Association of Road Racing Statisticians
- Established: 2003; 22 years ago
- Founder: Ken Young
- Type: Non-profit organization
- Website: arrs.run

= Association of Road Racing Statisticians =

Statistical society

The Association of Road Racing Statisticians is an independent, non-profit organization that collects, analyzes, and publishes statistics regarding road running races. The primary purpose of the ARRS is to maintain a valid list of world road records for standard race distances and to establish valid criteria for road record-keeping. The official publication of the ARRS is the Analytical Distance Runner. This newsletter contains recent race results and analysis and is distributed to subscribers via e-mail. The ARRS is the only organized group that maintains records on indoor marathons.

==History==
Ken Young (November 9, 1941 – February 3, 2018) of Petrolia, California was a retired professor of atmospheric physics and former American record-holder in the indoor marathon who currently holds two of the top 10 marks in the event. Ted Haydon, a former track coach for the University of Chicago Track Club and the United States in the 1968 Olympic Games, reportedly staged an indoor marathon for Young so that he could make an attempt at a world record in the indoor marathon. Young also earned a PhD in geophysical sciences with a minor in statistics, and taught at the University of Arizona. Young was the founder and director of the National Running Data Center (NRDC), self-described as "an independent, non-profit organization devoted to the collection, analysis, publication and dissemination of long-distance running information." This group pioneered and developed road racing records in the United States.
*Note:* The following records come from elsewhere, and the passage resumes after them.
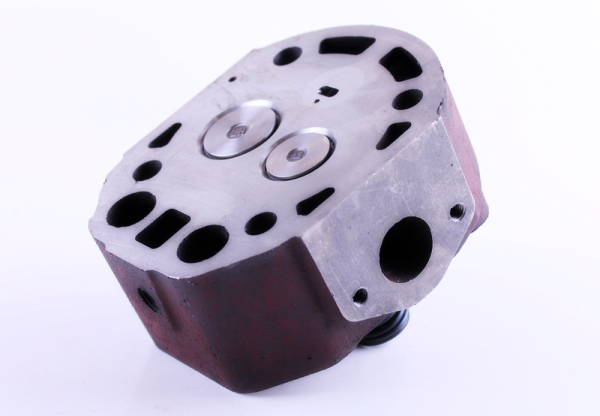 Головка блока цилиндра R175N-R185N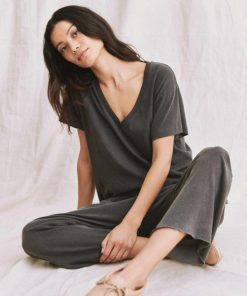 Threadsanctuary.shop461366d706 3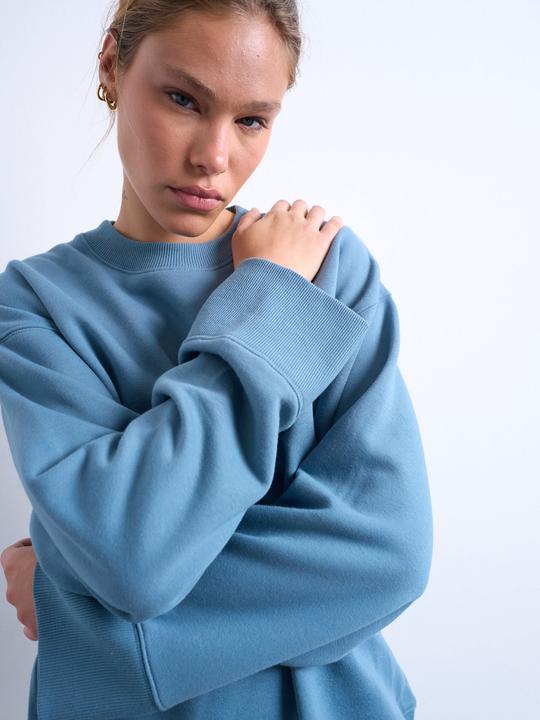 Produktbild Topshop TSABBA Sweatshirt Sweatshirt (M)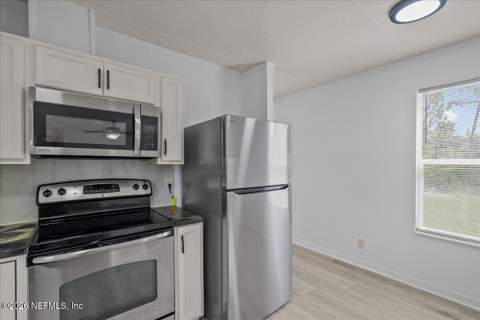 174 Union Avenue, Interlachen FL - photo 16 of 26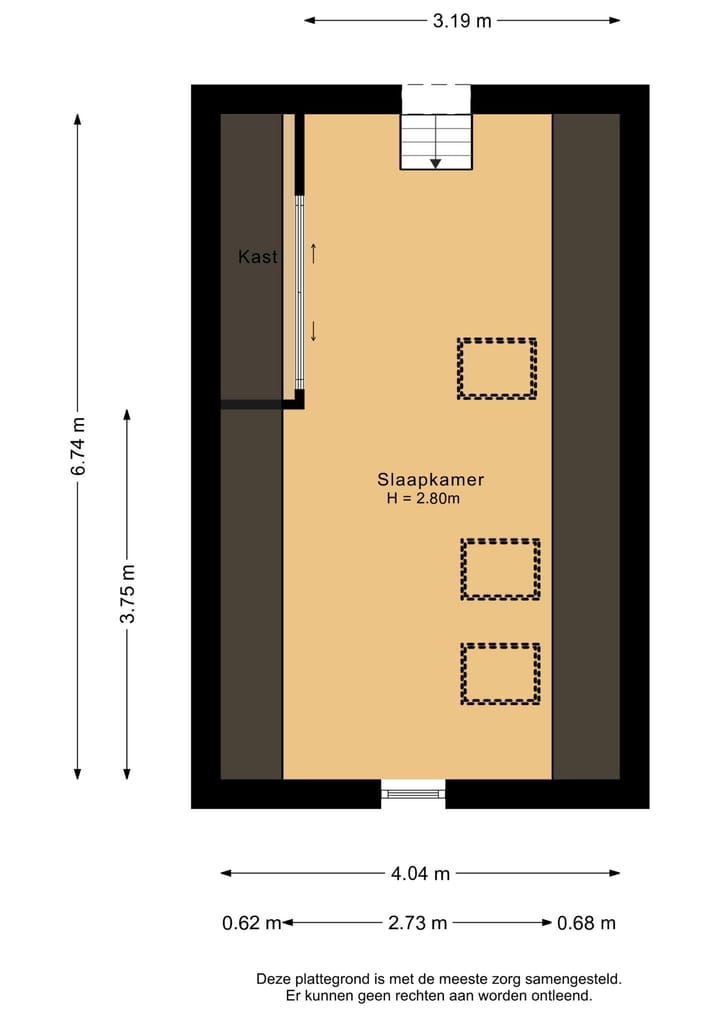 Foto 45 van Oostdijk 3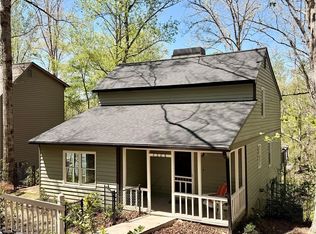 4008 Donna Dr, Gainesville, GA 30506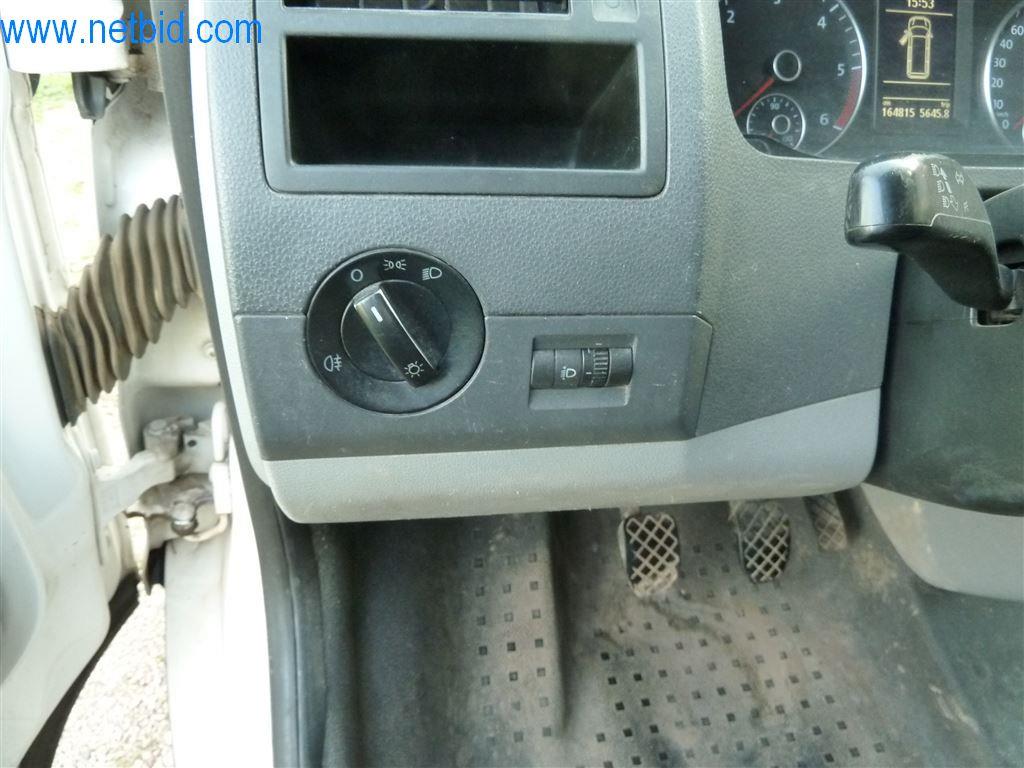 Machines and equipment of a road construction company-12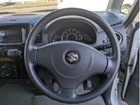 車両画像18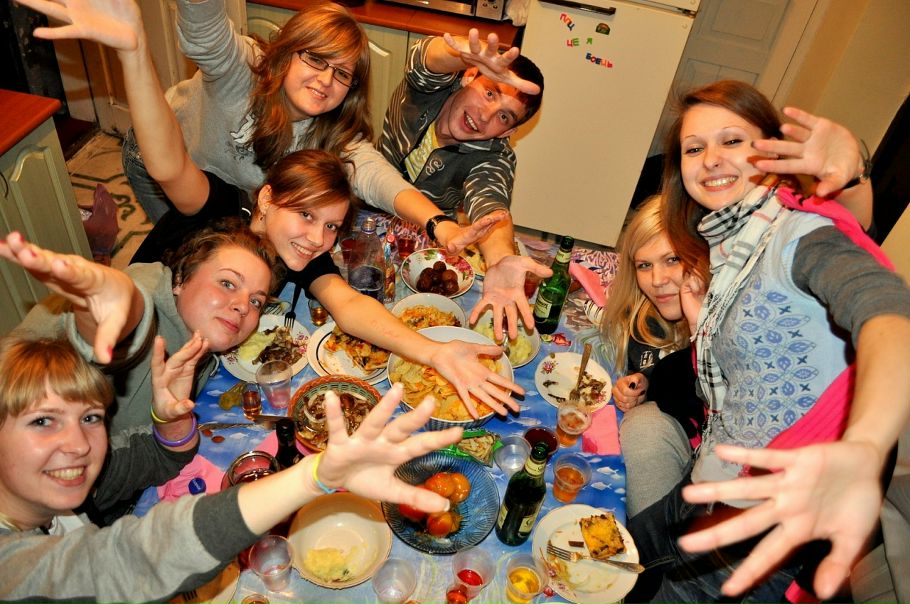 №10, Таня Бойко №10, Таня Бойко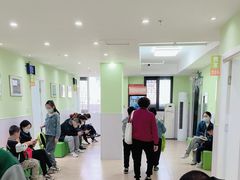 -学知乐教育·幼小衔接·小学科辅导(嘉定镇校区)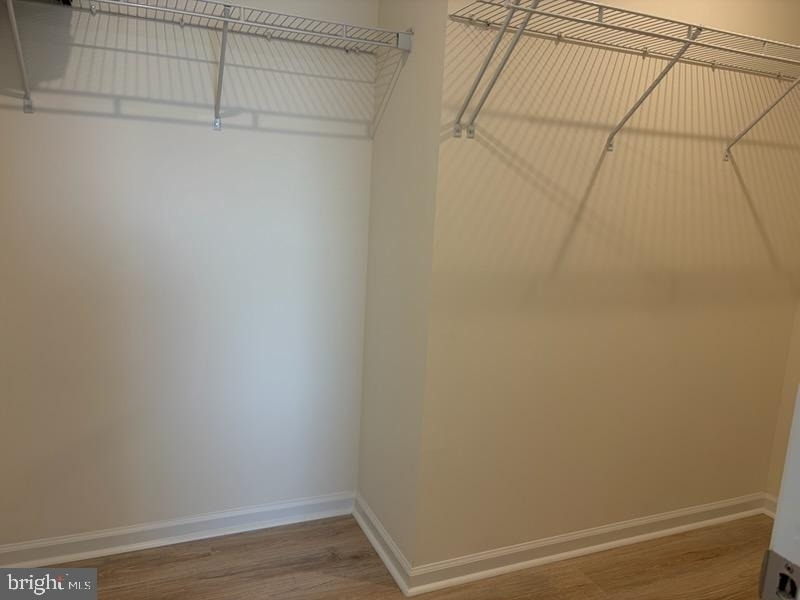 219 Lackawanna Lane - Photo 15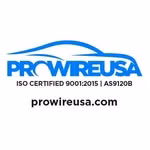 Prowireusa ,LLC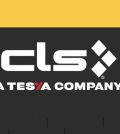 CLS fusione incorporazione Degrosolutions carrelli elevatori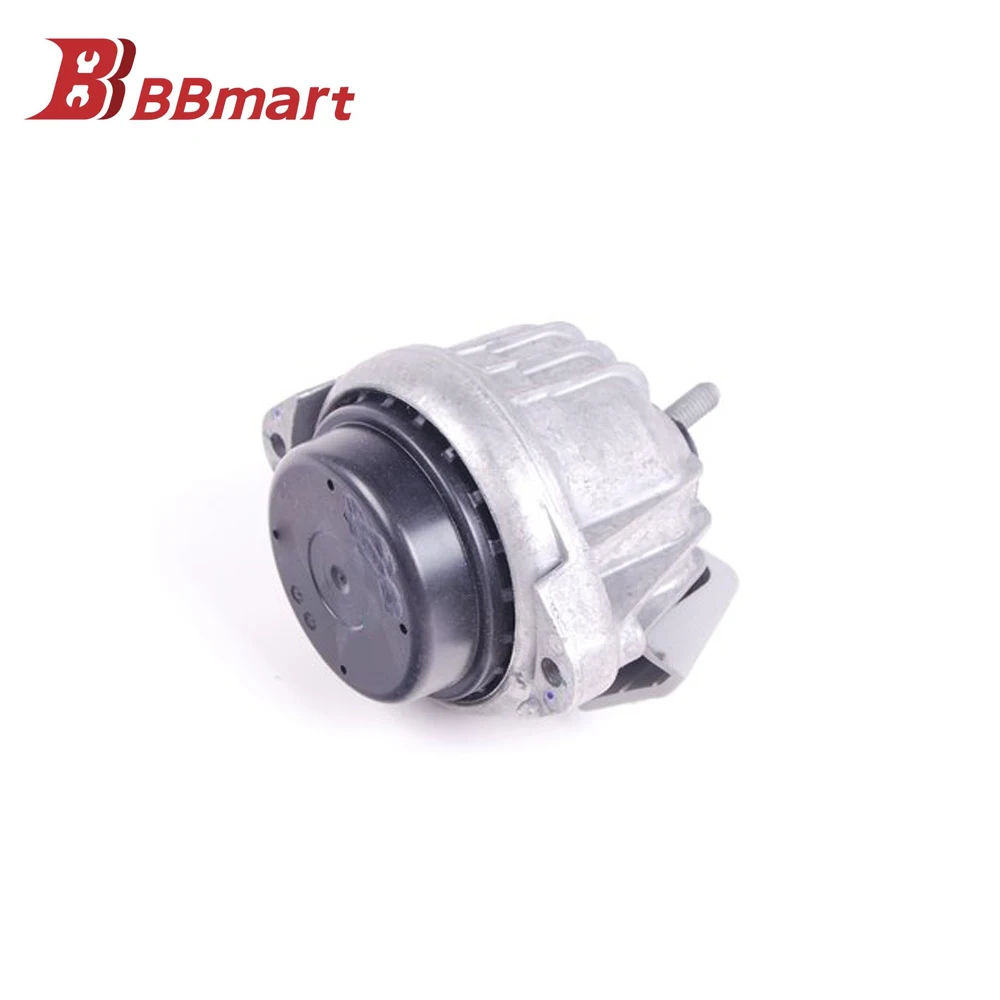 

22116773744 BBmart Auto Parts Spare Engine Mount For BMW E90 E91 E92 N55 Car Accessories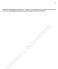 COMMISSION IMPLEMENTING DECISION of 1 September 2014 on harmonised technical conditions of radio spectrum use by wireless audio programme making and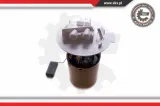 pompa-paliwa-modul-02skv821-skv-producent-czesci-esen-skv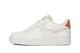 Кроссовки Nike Wmns Air Force 1 '07 LX (Изображение 1)
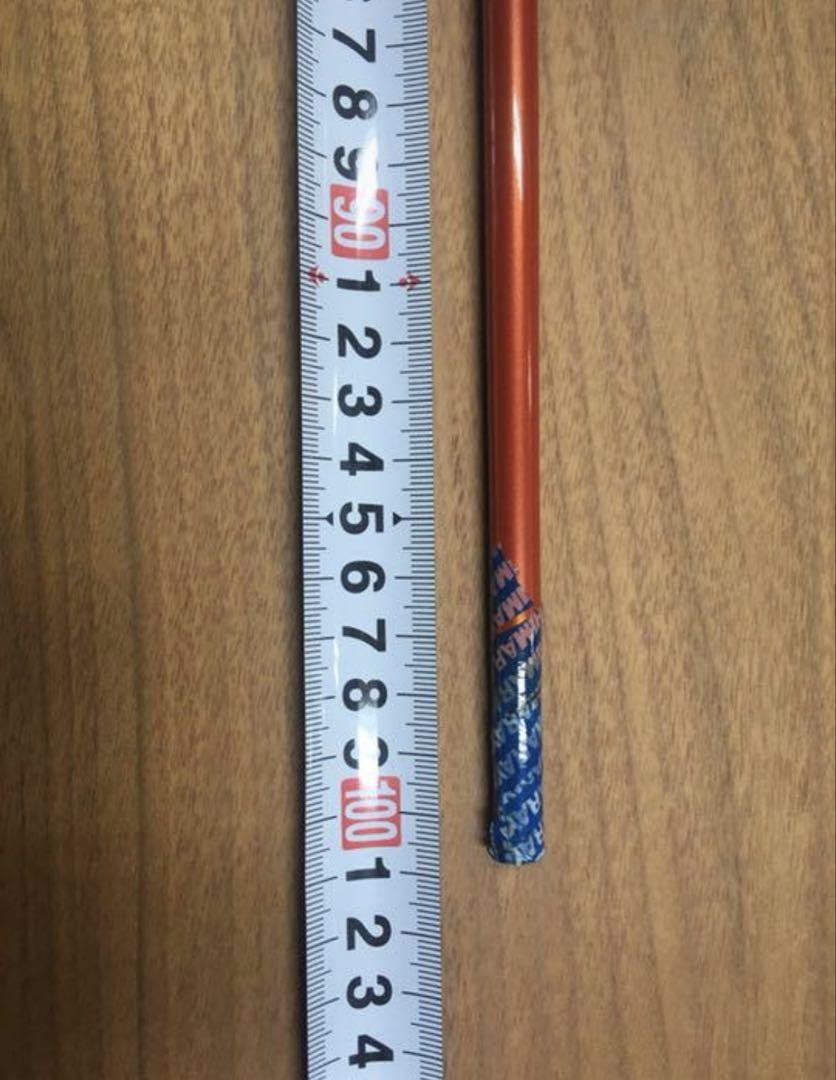 Picture 6 of 24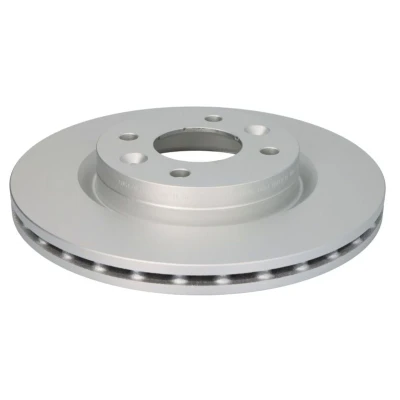 Imagem de TEXTAR PRO 92292103 Disco de travão 259 20,7 04/06 100 interior ventilado revestido sem pernos fixação da roda, cubo roda RENAULT: CLIO 2
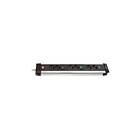 Brennenstuhl Premium Alu Line 2x3 3m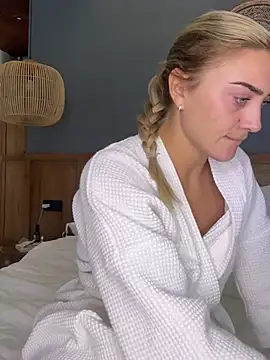 auriangel's cam snapshot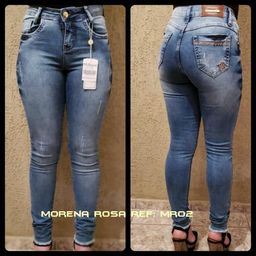 calça jeans morena rosa 2018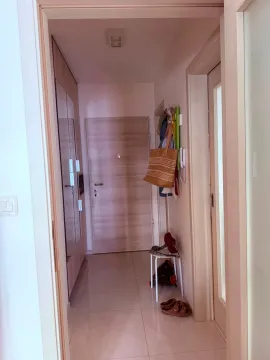 Izdavanje, dvosoban stan, 62m², City Kej, Podgorica - image 12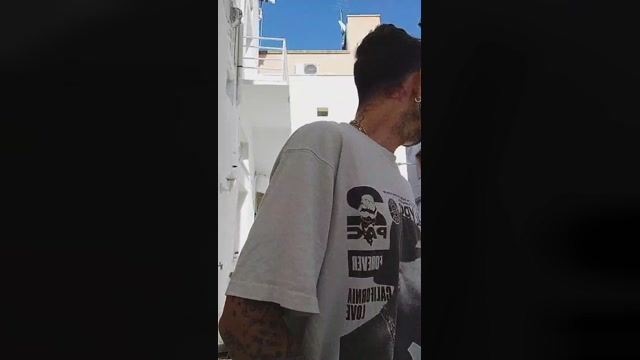 Sexyshark994  26-10-2022 Recorded Video bigload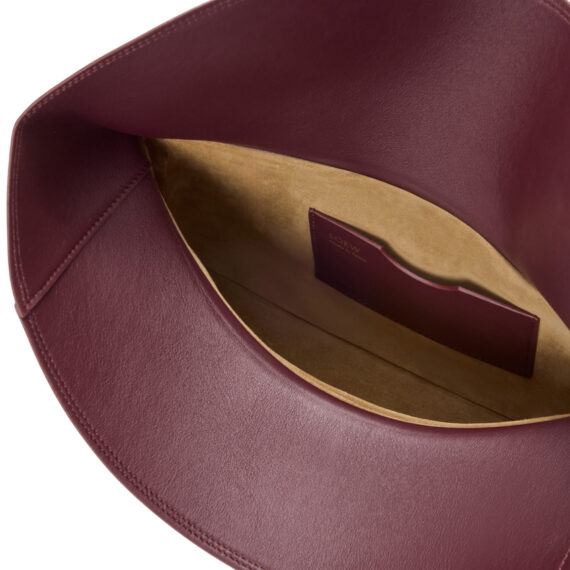 Loewe Bag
After the United States Congress passed the Amateur Sports Act of 1978, The Athletics Congress (TAC), now known as USA Track & Field, replaced the Amateur Athletic Union as the national governing body for the sport of athletics. Although the records maintained by Young and the NRDC were initially "unofficial", The Athletics Congress recognized them as its official records at their annual meeting in late 1979.

In 1986, the official record-keeping for TAC was assumed by TACStats, later known as the Road Information Center.